4.4 Absence of Conflicts. Purchaser represents and warrants that the execution and delivery of this Agreement and any other document or instrument executed in connection with this Agreement, and the consummation of the transactions contemplated thereby, and compliance with the requirements thereof, will not violate any law, rule, regulation, order, writ, judgment, injunction, decree or award binding on Purchaser, or the provision of any indenture, instrument or agreement to which Purchaser is a party or are subject, or by which Purchaser or any of its properties is bound, or conflict with or constitute a material default thereunder, or result in the creation or imposition of any lien pursuant to the terms of any such indenture, instrument or agreement, or constitute a breach of any fiduciary duty owed by either Purchaser to any third party, or require the approval of any third-party pursuant to any material contract, agreement, instrument, relationship or legal obligation to which Purchaser is subject or to which any of its properties, operations or management may be subject.
4.5 Sole Party in Interest. Purchaser represents that it is the sole and true party in interest, and no other person or entity has or will have upon the issuance of the Shares any beneficial ownership interest in the Shares or any portion of the Shares, whether direct or indirect.
4.6 Knowledge and Experience. Purchaser has been advised, to the Purchaser’s satisfaction and understanding, with respect to the advisability of an investment in the Company and the Shares. Purchaser is experienced in evaluating and making speculative investments, and has the capacity to protect its interests in connection with the acquisition of the Shares. Purchaser has such knowledge and experience in financial and business matters in general, and investments in the food and consumable product testing industry in particular, that Purchaser is capable of evaluating the merits and risks of Purchaser's investment in the Company. Purchaser has been informed that an investment in the Company is speculative and has concluded that Purchaser's proposed investment is appropriate in light of its overall investment objectives and financial situation.
4.7 Investment Advisors. Purchaser represents that no investment advisor or purchaser representative has been consulted or retained in connection with Purchaser's decision to invest in the Company.

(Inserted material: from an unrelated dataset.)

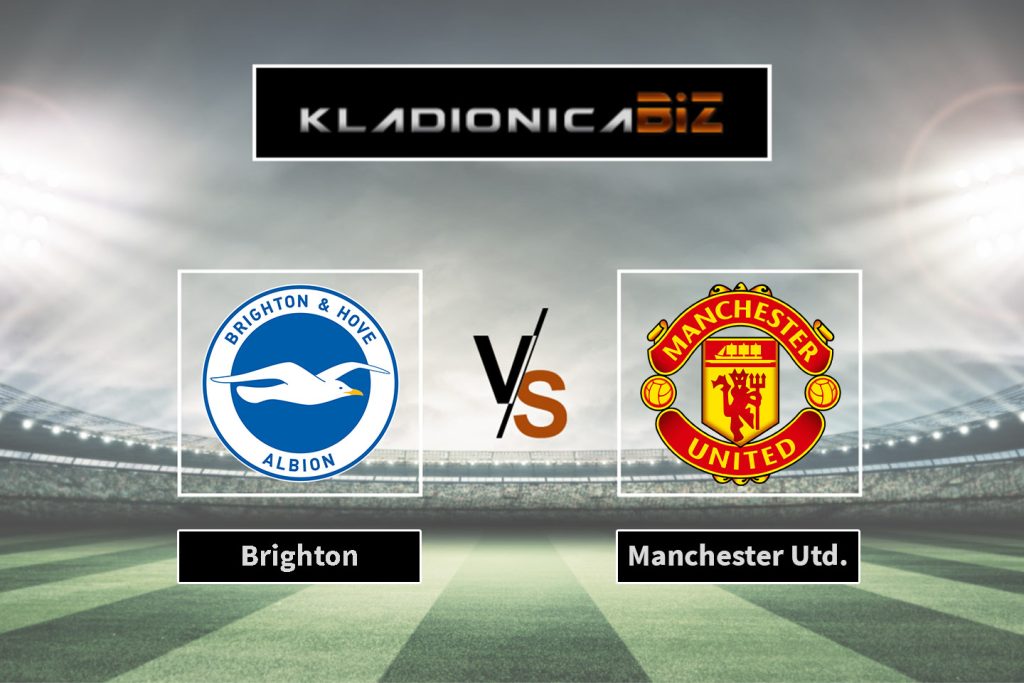 Brighton vs anchester United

4.8 Disclosure, Access to Information. Purchaser confirms that it has received and thoroughly read and is familiar with and understands this Agreement, and all other information provided by the Company to date, and that all documents, records, books and other information pertaining to Purchaser's investment in the Company requested by Purchaser have been made available for inspection and copying and that there are no additional materials or documents that have been requested by Purchaser that have not been made available by the Company. Purchaser further acknowledges it has had an opportunity to ask questions of and receive answers from the Company's representatives, and that any decision not to ask questions of the Company's representatives was a conscious decision on Purchaser’s part and reflects Purchaser's belief that no additional information is necessary in order to make an informed decision about investing in the Company. Purchaser further acknowledges that it understands that the Company is not presently subject to the periodic reporting requirements of the Securities Exchange Act of 1934, as amended (the "Exchange Act").
4.9 Exclusive Reliance on this Agreement. In making the decision to purchase the Shares, Purchaser has relied exclusively upon information included in this Agreement or incorporated herein by reference pursuant to Section 4.10, and investigations made by Purchaser, and not on any other representations, promises or information, whether written or verbal, by any person.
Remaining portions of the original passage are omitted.